I was asked recently to write something about my leadership style / management philosophy. As a startup CEO I led a team of ~35, and now my office has something like 350 FTEs. Eventually, hands on leadership becomes impossible and one needs general principles that can be broadly conveyed.
I have a “no drama” leadership style. We try to be as rational and unbiased as possible in making decisions, always working in the long term interests of the institution and to advance human knowledge. I ask that everyone on my team try to understand all sides of a difficult issue to the point that they can, if asked, effectively argue other perspectives. This exercise helps overcome cognitive biases. My unit tries to be entirely “transparent” -- we want other players at the university to understand the rationale and evidence behind our specific decisions. We want our resource allocations to be predictable, justifiable, and as free from petty politics as possible. Other units view members of my team as effective professionals who can be relied on to do the right thing.

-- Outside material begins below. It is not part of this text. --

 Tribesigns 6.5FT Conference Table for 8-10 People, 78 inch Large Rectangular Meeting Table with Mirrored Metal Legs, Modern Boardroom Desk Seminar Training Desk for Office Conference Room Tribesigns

One of the toughest aspects of my current job is the wide variety of things I have to look at -- technologies and research projects across the spectrum from biomedical to engineering to fundamental physics to social science and the humanities. Total NSF + DOE funding at MSU ranks in the top 10 (very close to top 5) among US universities.

The most important principle I advance to my senior staff is epistemic caution together with pragmatism.